=== EXTRACTED RECORDS ===

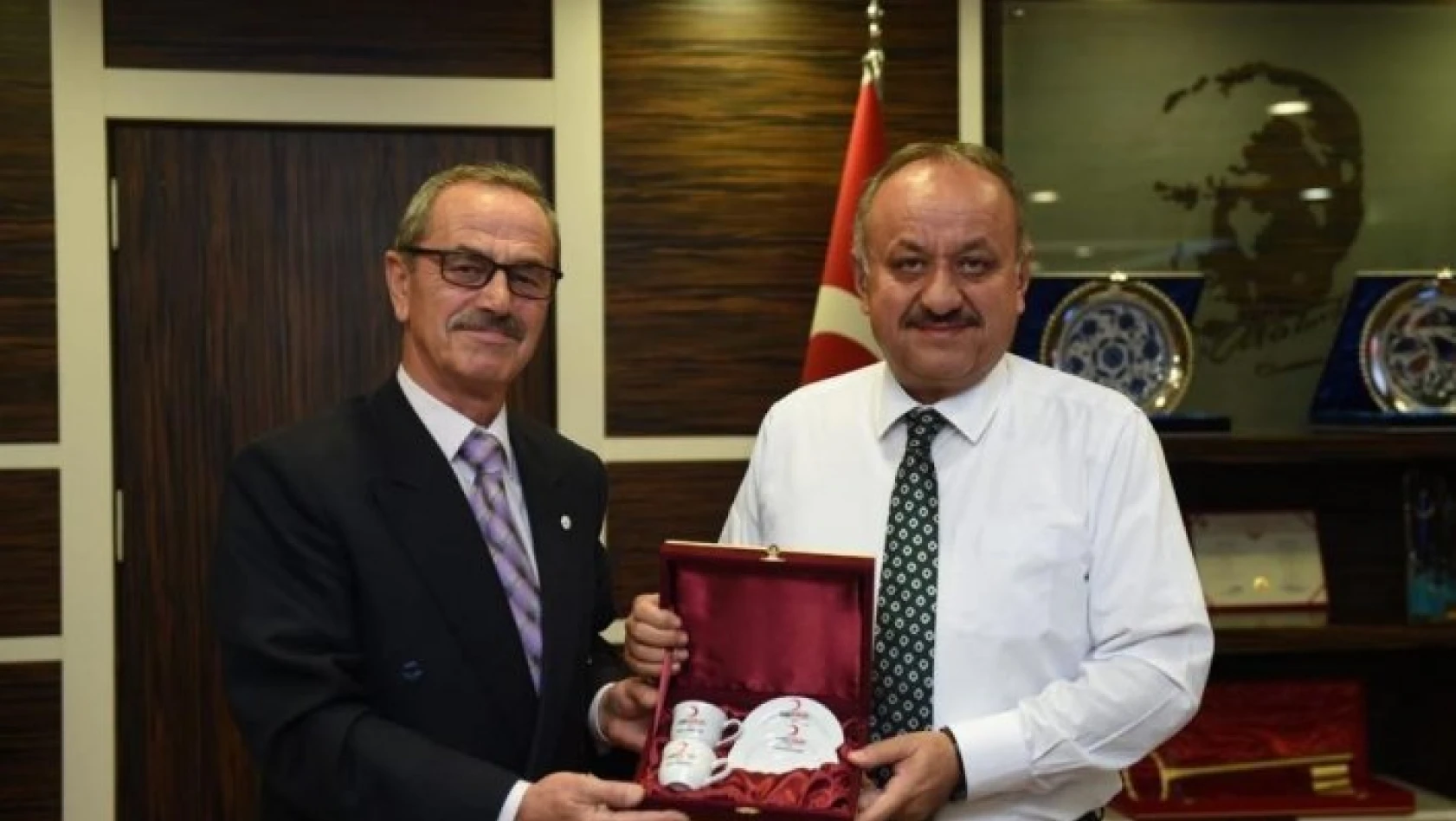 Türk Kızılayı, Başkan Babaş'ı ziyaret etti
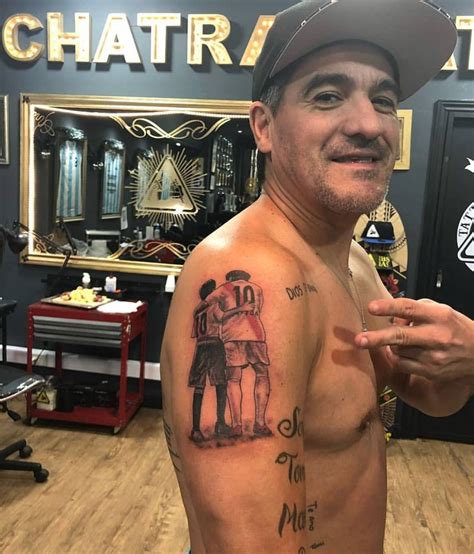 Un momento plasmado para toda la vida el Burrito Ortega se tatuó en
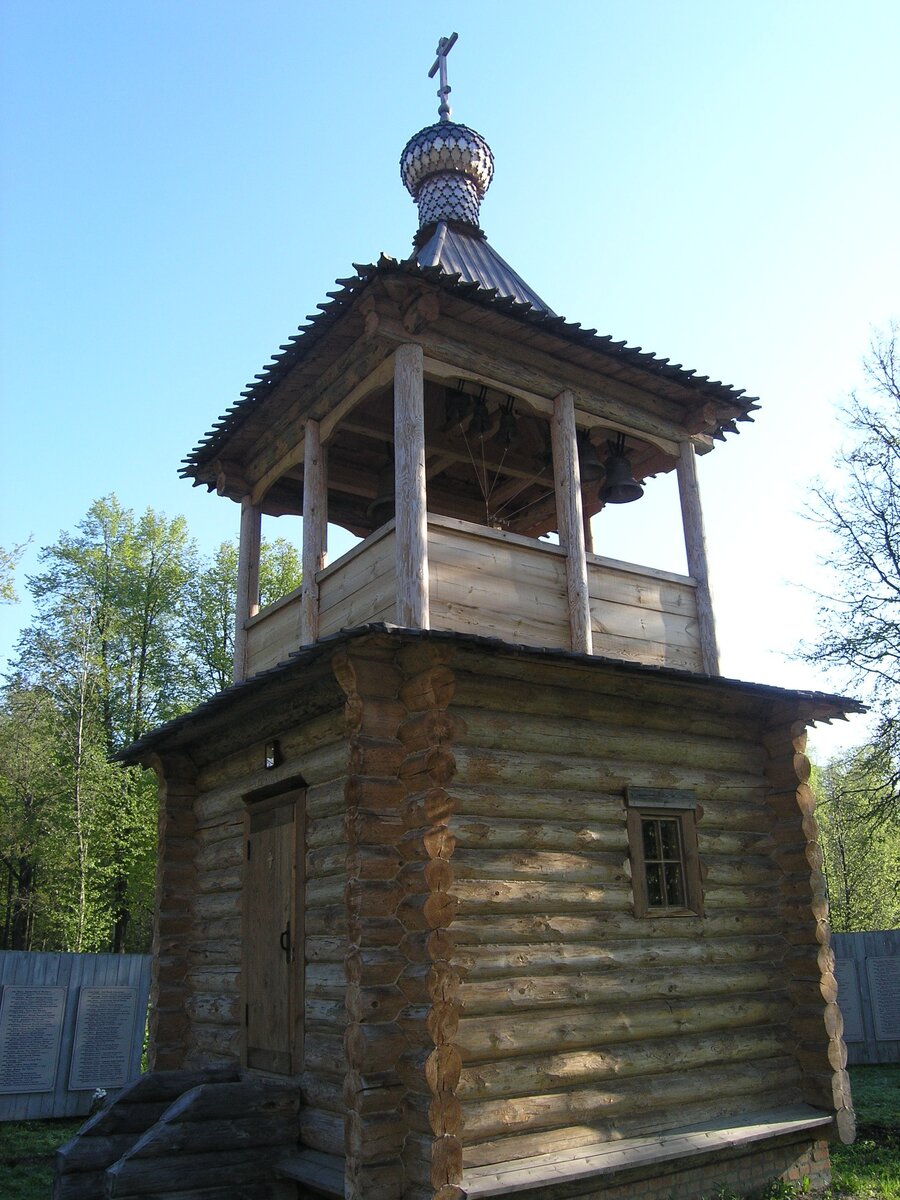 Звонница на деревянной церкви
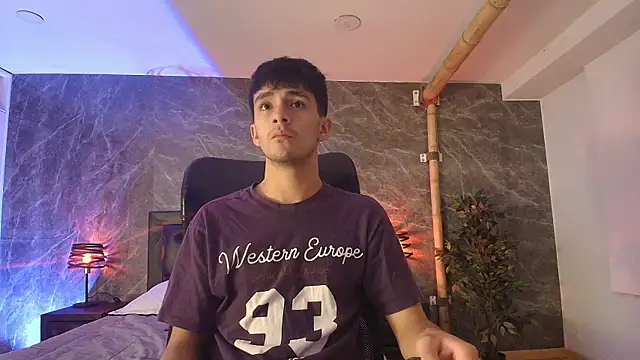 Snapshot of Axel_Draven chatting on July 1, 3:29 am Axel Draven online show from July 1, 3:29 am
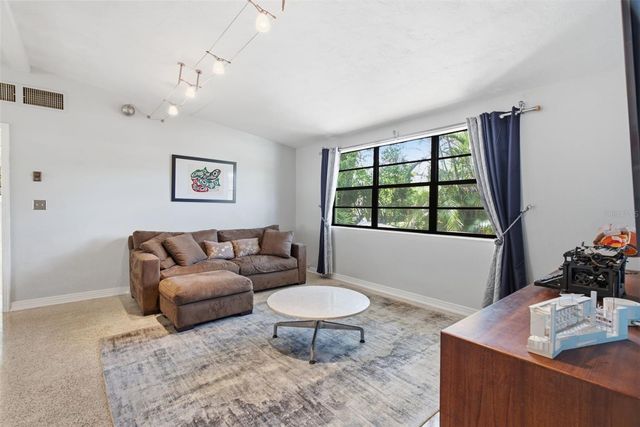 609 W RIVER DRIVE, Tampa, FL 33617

===

→ **TASK TO COMPLETE**: All entries above, minus the pictures, should be repeated exactly.

→ **YOUR RESPONSE**:
 Türk Kızılayı, Başkan Babaş'ı ziyaret etti
 Un momento plasmado para toda la vida el Burrito Ortega se tatuó en
 Звонница на деревянной церкви
 Snapshot of Axel_Draven chatting on July 1, 3:29 am Axel Draven online show from July 1, 3:29 am
 609 W RIVER DRIVE, Tampa, FL 33617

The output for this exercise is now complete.